On Sunday the sun came out and the temperature dropped. Over the last couple of weeks the river has slowly been getting more and more clogged with ice. Small round floes, many of which carried a solitary seagull, or a host of cormorants, their wings held out to dry in the weak January sun, floated silently along the Vistula heading for Gdansk and the Baltic where they would try to congregate into a mass of wannabe icebergs. When the lumps hit the supports of the bridge, they made quiet slushing sounds that were like cold breaths in the crisp air. Overhead the traffic continued to thunder across the bridge, but down by the water, all waquiet. The only people there were me and a lonely fisherman, sitting on the ice hoping to catch a frozen fillet. That was last week. This week the ice has solidified and now the river is, on its surface at least, one solid mass of ice. The seagulls have gone now; their little boats are no longer viable means of transport. A group of Fieldfare, looking confused, could be seen trying to get a drink from the tiniest of holes that remained on the surface. They, too, will fly away soon, to Germany or somewhere further west, where the ground isn't solid and there is at least some sort of food.

To see the river was incredible, the widest stretch of water I have ever seen: solid, frozen and white. We had taken a bus there and walked across the bridge, then a tram and bus back to the flat. It took us less than an hour but by the time we returned we'd both had enough. How do people live in places where it is minus 20 or 30 for weeks at a time?

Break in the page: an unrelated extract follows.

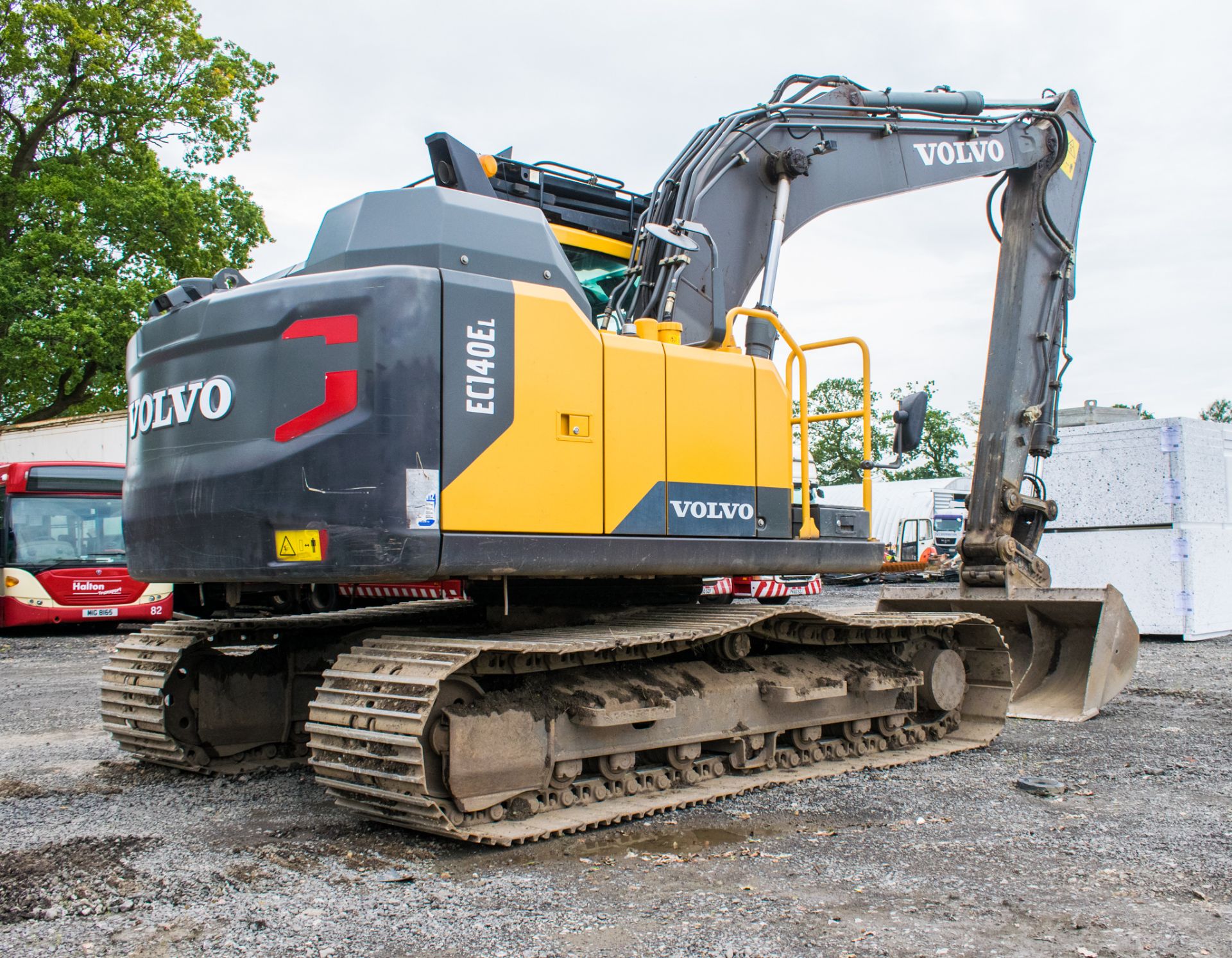 Volvo EC140EL 14 tonne steel tracked excavator Year: 2015 S/N: 310123 Recorded Hours: 6607 piped, - Image 3 of 23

Today is just as cold and the prognosis for tomorrow is for the same but with more snow forecast on Wednesday. To experience this long, cold winter has long been a dream, to live through the snow and ice, the buses with their inside windows frozen - despite the heater being on - and to layer-up against the cold. Now it's becoming a chore, the hats and gloves and scarves every time you want to go out anywhere, even to the bin. When spring comes, as come it must, it will be a joyous occasion, to welcome the new growth, to see the green poking through the snow, to avoid being crushed by snow sliding off roofs, to feel the warm breeze and to know that on that breeze is the prospect of another summer in Warsaw.